Vincent Labrousse, élu CGT du site de GM&S de la Souterraine, dans la Creuse, a prévenu lundi 23 octobre, sur franceinfo, qu'il attendait des "choses concrètes" du rendez-vous prévu dans la journée avec des conseillers d'Emmanuel Macron, à l'Élysée.

Au programme : l'avenir du site, alors que le chef de l'État a suggéré, au début du mois, que "certains, au lieu de foutre le bordel, feraient mieux d'aller regarder s'ils ne peuvent pas avoir des postes là-bas", visant les salariés de l'équipementier automobile.

franceinfo : allez-vous arriver à mettre de côté ces propos du chef de l'État ?

Vincent Labrousse : Les petites phrases, on aura du mal à les mettre de côté, parce qu'il nous a atteints dans notre vécu, mais ce n'est pas ce qui nous mène jusque-là, on va continuer à se battre dans l'intérêt des salariés. Nous, on y va déjà pour porter nos propositions sur les possibilités de réembauche des salariés, que ce soit au sein de GMD (le repreneur de GM&S), ou dans la région, puisqu'il y a des possibilités de soutien de l'État sur la revitalisation. On y va aussi pour évoquer l'accompagnement des salariés licenciés. 

Attendez-vous tout de même des excuses ?

Ça, ça le regarde. Les attentes que l'on a, c'est surtout pour les salariés, que des alternatives soient mises en œuvre, que l'entreprise puisse redémarrer correctement, puisque ce n'est pas le cas actuellement. Même si nous avons été directement accusés et invectivés par le président de la République ou par M. Griveaux [ministre de l'Économie], ce n'est pas la réalité de la situation. On a été comparé aux Whirlpool sur les mesures d'accompagnement. On va comparer les choses : Whirlpool et GM&S La Souterraine.On y va dans cet esprit-là. 
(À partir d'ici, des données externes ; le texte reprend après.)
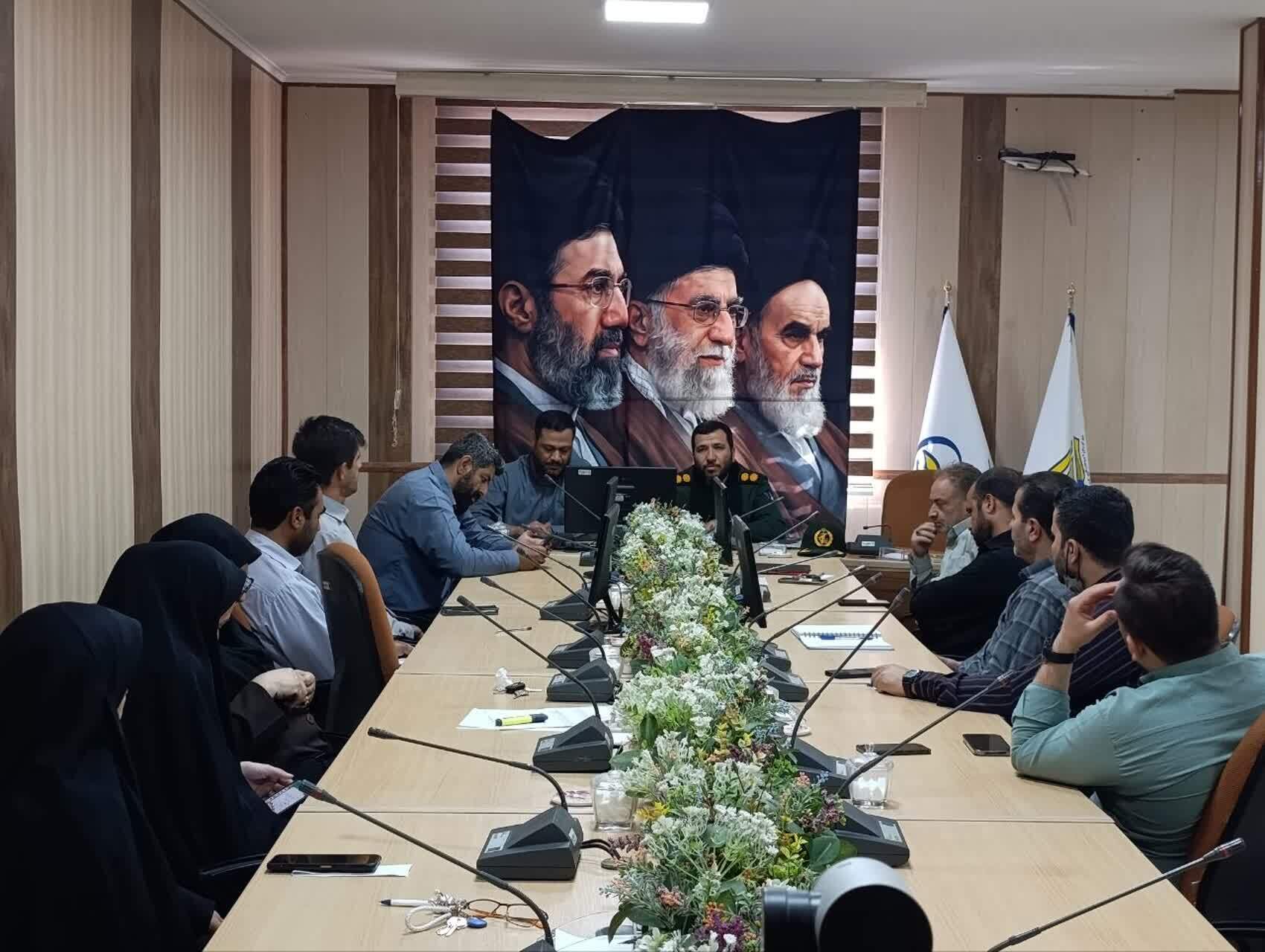 اعطای احکام مسئولیت فرمانده و اعضای شورای پایگاه بسیج امام خامنهای کمیته امداد سمنان اعطای احکام مسئولیت فرمانده و اعضای شورای پایگاه بسیج امام خامنهای کمیته امداد سمنان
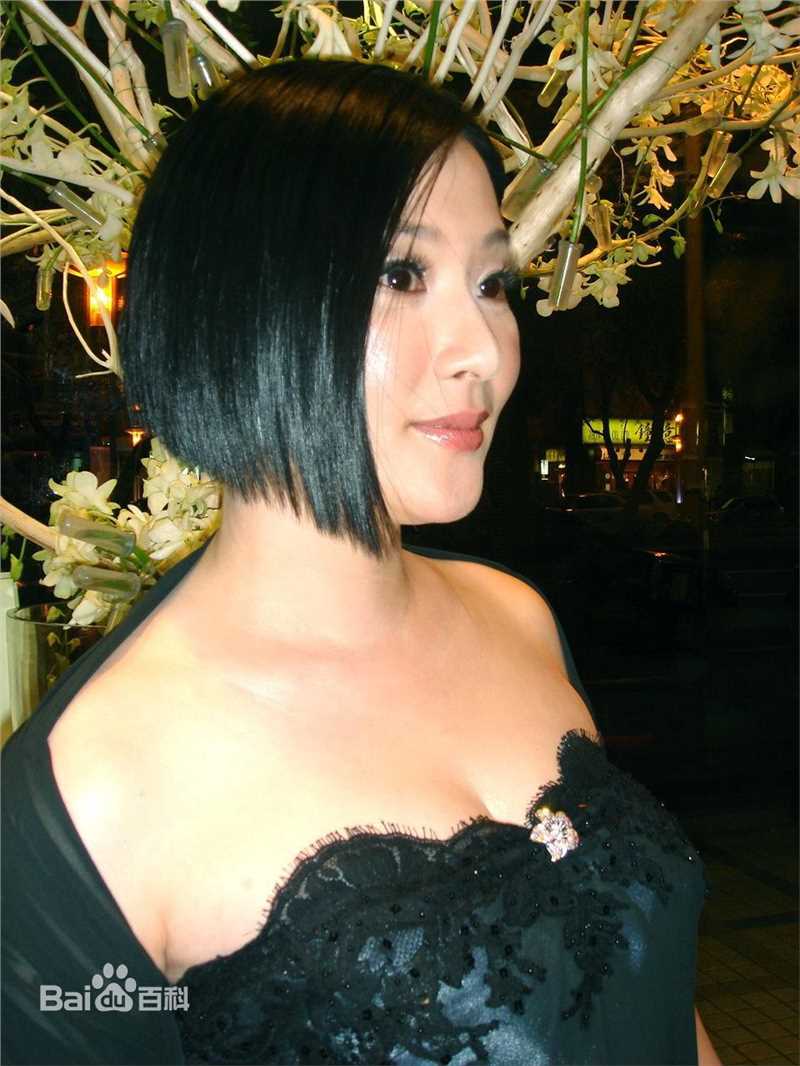 最新侯炳莹(April Hou)精彩图册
Ce que l'on veut, c'est qu'il ressorte des choses concrètes de ce rendez-vous, et pas des petites phrases. Ce n'est pas ça qui règlera l'avenir des salariés.Vincent Labrousse, élu CGT du site de GM&S de la Souterraineà franceinfo

Quel rôle peut jouer l'État dans l'accompagnement des salariés ?

Il peut y avoir des accompagnements sur le territoire. Ce n'est pas parce qu'on est GM&S ou qu'on fait des caprices qu'on demande une prise en compte particulière, c'est parce que les mesures d'accompagnement qui sont prévues dans le plan social ne sont pas du tout exceptionnelles. Elles ne sont pas adaptées à la réalité des salariés, particulièrement dans le territoire et dans le bassin d'emploi dans lequel on est, puisqu'on était la deuxième entreprise privée du département. Pour retrouver un travail, ça va être très compliqué. Donc, il y a des possibilités d'atteindre le chiffre d'affaires prévu en réembauchant les salariés sur le site, et puis, après, il y a d'autres incitations à mettre en œuvre, ça va dépendre du gouvernement et de quelle politique il veut appliquer.

"On était la deuxième entreprise privée du département. Pour retrouver un travail, ça va être très compliqué" Vincent Labrousse, élu CGT du site de GM&S, à franceinfo.